3. VeBNN training with plasticity law discovery dataset¤
In this part, I will should you to use VeBNN to learn the plasticity law discovery problem. In short, the MeanNet, GammaVarNet, and SGMCMCTrainer remain the same, since they can handle different architectures. However, since this dataset involves sequence-to-sequence problem, we need resort to the recurrent neural network architecture.
3.1. Get training and testing samples from PlasticityLaw¤
# get the train, validate and test data
plasticity_dataset.get_train_val_split(num_train=100, num_val=100,)
# get the training, validate and test data
x_train_scaled, x_validate_scaled = plasticity_dataset.strain_train, plasticity_dataset.strain_validate
y_train_scaled, y_validate_scaled= plasticity_dataset.stress_train, plasticity_dataset.stress_validate
# get the ground truth data
plasticity_dataset.get_ground_truth()
# evaluate the model performance on ground truth data
strain_gt_scaled = plasticity_dataset.strain_ground_truth_normalized
stress_gt_mean_scaled = plasticity_dataset.stress_ground_truth_mean_normalized
stress_gt_std_scaled = plasticity_dataset.stress_ground_truth_std_normalized
3.2. Create GRU architecture with torch¤
# use torch to create a simple GRU model
class SimpleGRU(nn.Module):
def __init__(self,
input_size: int,
hidden_size: int,
num_layers: int,
output_size: int,
bias: bool = True):
super().__init__()
self.gru = nn.GRU(input_size=input_size,
hidden_size=hidden_size,
num_layers=num_layers,
bias=bias,
batch_first=True,
)
self.h2y = nn.Linear(hidden_size, output_size)
def forward(self, x, hx=None):
out, _ = self.gru(x, hx) # (B, T, hidden_size)
y = self.h2y(out) # (B, T, output_size)
return y
# define the mean and variance networks
mean_gru = SimpleGRU(input_size=3,
hidden_size=64,
num_layers=2,
output_size=3)
mean_network = MeanNet(net=mean_gru,
prior_mu=0.0,
prior_sigma=1.0)
# define the variance network
var_gru = SimpleGRU(input_size=3,
hidden_size=4,
num_layers=1,
output_size=6)
var_network = GammaVarNet(net=var_gru,
prior_mu=0.0,
prior_sigma=1.0)
# print the network structures
print(mean_network)
print(var_network)
MeanNet(
(net): SimpleGRU(
(gru): GRU(3, 64, num_layers=2, batch_first=True)

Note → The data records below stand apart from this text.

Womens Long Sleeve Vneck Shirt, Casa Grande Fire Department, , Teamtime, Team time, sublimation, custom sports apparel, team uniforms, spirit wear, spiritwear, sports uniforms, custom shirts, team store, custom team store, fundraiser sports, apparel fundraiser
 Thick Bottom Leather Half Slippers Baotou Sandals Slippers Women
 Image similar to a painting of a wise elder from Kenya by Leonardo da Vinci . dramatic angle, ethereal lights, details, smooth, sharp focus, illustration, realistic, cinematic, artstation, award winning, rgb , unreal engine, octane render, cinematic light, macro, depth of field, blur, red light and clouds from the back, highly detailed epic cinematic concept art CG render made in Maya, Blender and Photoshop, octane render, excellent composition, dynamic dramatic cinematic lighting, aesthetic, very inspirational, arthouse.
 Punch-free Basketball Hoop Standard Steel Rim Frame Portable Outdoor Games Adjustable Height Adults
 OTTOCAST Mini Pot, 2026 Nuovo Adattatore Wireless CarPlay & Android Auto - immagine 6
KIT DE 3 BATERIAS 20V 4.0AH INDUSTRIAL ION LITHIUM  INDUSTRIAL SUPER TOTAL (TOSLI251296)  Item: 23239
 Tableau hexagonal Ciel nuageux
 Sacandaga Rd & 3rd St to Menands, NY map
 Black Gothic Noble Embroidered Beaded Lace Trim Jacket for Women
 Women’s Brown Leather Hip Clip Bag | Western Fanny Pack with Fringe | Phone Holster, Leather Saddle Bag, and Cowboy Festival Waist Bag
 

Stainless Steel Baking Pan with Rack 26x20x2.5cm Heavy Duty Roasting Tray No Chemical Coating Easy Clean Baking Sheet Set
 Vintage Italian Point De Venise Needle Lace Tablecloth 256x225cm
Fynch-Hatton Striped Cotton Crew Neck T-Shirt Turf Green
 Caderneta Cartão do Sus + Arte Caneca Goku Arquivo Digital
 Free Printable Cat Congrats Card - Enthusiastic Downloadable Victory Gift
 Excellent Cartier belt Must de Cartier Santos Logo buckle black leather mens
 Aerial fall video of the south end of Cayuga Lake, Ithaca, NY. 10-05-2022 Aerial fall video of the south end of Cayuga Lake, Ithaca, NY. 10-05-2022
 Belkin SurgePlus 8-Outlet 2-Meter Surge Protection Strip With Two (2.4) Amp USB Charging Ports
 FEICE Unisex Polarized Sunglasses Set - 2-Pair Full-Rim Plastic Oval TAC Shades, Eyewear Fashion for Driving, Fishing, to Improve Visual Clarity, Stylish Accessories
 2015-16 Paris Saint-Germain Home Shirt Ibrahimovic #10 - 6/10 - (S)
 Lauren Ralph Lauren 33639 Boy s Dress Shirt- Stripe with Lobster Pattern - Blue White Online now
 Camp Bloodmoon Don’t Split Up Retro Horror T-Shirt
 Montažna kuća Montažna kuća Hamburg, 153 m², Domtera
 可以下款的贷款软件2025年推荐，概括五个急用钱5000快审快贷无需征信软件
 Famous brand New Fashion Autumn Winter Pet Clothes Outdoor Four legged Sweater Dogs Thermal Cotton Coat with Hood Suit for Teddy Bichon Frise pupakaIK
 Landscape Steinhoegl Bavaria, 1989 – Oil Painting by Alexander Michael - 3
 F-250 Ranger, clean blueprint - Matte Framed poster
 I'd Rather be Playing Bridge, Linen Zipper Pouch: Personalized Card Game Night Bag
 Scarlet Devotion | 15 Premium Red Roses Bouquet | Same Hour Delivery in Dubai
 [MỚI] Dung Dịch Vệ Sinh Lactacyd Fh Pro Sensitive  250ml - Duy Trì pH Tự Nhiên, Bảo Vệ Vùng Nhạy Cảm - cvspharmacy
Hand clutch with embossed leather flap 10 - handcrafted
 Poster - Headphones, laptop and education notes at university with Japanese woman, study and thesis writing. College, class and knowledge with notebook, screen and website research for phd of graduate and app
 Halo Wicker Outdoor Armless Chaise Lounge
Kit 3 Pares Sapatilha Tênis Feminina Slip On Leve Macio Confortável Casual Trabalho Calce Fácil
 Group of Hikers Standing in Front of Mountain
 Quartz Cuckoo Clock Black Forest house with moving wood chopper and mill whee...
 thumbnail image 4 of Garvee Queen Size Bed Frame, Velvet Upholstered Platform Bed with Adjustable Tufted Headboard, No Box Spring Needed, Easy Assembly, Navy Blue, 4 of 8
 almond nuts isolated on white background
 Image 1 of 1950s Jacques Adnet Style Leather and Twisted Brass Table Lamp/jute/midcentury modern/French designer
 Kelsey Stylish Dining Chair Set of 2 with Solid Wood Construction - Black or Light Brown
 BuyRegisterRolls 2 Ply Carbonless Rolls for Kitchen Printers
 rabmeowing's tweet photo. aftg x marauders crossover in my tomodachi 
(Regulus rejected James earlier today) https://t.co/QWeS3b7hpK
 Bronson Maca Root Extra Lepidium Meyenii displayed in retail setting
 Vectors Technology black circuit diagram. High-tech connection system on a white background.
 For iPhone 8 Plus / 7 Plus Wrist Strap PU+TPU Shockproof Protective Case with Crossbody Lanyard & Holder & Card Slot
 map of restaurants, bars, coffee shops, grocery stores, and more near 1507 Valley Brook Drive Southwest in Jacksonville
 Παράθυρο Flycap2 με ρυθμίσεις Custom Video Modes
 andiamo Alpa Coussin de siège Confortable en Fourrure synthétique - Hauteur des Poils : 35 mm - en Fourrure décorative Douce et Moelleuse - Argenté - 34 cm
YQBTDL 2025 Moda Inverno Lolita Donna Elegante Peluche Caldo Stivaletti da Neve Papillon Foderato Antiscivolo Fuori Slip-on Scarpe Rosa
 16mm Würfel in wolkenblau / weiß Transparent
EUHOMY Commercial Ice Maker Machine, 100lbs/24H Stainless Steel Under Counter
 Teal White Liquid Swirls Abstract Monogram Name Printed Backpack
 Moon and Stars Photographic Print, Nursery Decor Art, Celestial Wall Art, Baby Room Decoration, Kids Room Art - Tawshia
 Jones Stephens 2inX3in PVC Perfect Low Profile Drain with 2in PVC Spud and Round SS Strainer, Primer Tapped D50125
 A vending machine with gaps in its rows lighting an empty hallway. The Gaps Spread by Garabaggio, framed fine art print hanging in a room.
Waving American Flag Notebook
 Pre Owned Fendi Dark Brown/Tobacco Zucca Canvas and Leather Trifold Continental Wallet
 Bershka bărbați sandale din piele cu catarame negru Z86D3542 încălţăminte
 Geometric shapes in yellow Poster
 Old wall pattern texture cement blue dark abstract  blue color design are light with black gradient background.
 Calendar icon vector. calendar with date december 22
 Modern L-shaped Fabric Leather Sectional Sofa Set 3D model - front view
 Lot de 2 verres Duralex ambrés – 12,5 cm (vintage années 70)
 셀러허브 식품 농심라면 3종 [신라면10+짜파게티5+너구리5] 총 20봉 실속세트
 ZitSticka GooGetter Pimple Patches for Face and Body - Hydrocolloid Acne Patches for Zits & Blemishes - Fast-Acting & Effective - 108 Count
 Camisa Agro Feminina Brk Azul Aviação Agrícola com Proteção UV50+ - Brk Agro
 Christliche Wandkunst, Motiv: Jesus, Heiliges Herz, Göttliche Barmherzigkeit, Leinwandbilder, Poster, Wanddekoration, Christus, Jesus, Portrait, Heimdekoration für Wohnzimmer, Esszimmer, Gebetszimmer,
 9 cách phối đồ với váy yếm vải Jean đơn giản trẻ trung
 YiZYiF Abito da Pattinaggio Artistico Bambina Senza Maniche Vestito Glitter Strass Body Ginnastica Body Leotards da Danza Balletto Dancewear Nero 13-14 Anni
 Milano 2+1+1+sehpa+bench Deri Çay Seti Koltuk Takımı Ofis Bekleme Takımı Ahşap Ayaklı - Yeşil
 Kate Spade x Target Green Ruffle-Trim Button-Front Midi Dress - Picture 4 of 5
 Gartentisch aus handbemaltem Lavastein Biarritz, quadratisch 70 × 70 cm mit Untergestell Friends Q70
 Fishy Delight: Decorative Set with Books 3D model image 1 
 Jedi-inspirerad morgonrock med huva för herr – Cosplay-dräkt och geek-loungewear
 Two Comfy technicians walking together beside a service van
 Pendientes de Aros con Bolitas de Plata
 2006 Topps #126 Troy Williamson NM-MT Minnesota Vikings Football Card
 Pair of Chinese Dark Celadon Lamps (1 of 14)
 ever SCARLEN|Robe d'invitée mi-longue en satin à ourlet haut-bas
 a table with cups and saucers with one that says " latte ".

(h2y): Linear(in_features=64, out_features=3, bias=True)
)
)
GammaVarNet(
(net): SimpleGRU(
(gru): GRU(3, 4, batch_first=True)
(h2y): Linear(in_features=4, out_features=6, bias=True)
)
)
3.3. Assemble the SGMCMCTrainer for plasticity law discovery dataset¤
# set up the configuration for the VeBNN trainer
trainer = SGMCMCTrainer(mean_net=mean_network,
var_net=var_network,
device=torch.device("cuda" if torch.cuda.is_available() else "cpu"),
job_id=1)
# ====== configs (kept small so test is fast) ======
init_config = {
"loss_name": "MSE",
"optimizer_name": "Adam",
"lr": 1e-3,
"weight_decay": 1e-6,
"num_epochs": 100, # warm-up epochs
"batch_size": 64,
"verbose": True,
"print_iter": 50,
"split_ratio": 0.8,
}
var_config = {
"optimizer_name": "Adam",
"lr": 1e-3,
"num_epochs": 100,
"batch_size": 64,
"verbose": True,
"print_iter": 50,
"early_stopping": False,
"early_stopping_iter": 100,
"early_stopping_tol": 1e-4,
}
sampler_config = {
"sampler": "pSGLD", # must match your VeBNN.samplers names
"lr": 1e-3,
"gamma": 0.9999,
"num_epochs": 200, # SGMCMC epochs
"mix_epochs": 10, # thinning interval
"burn_in_epochs": 100,
"batch_size": 64,
"verbose": True,
"print_iter": 100,
}
# ====== run cooperative training ======
# For a quick test, iteration=2 is enough to see if everything works.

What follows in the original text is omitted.